• _Input records_:

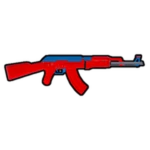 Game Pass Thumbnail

--

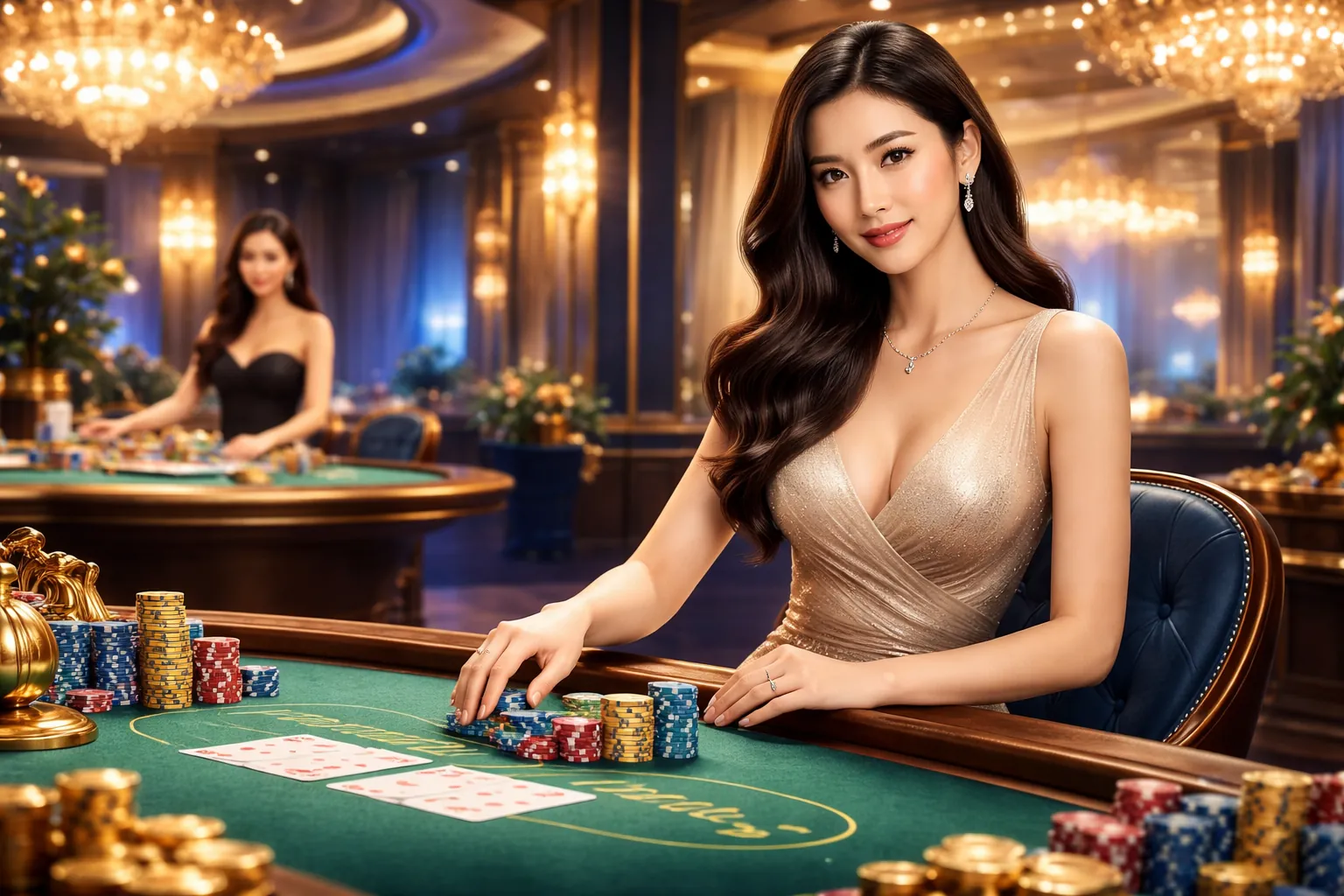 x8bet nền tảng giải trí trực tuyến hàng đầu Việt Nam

==

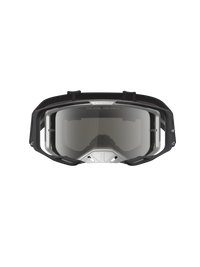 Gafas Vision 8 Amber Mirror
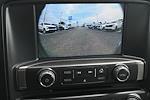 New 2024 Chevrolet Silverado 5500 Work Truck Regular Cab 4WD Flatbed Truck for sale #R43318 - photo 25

• _Action item_: Only the lines starting at the one that includes "Gafas Vision 8 Amber Mirror" and ending at the one that includes "New 2024 Chevrolet" should be retyped, exactly, from the records above; no pictures.

• _Written answer_:
 Gafas Vision 8 Amber Mirror
 New 2024 Chevrolet Silverado 5500 Work Truck Regular Cab 4WD Flatbed Truck for sale #R43318 - photo 25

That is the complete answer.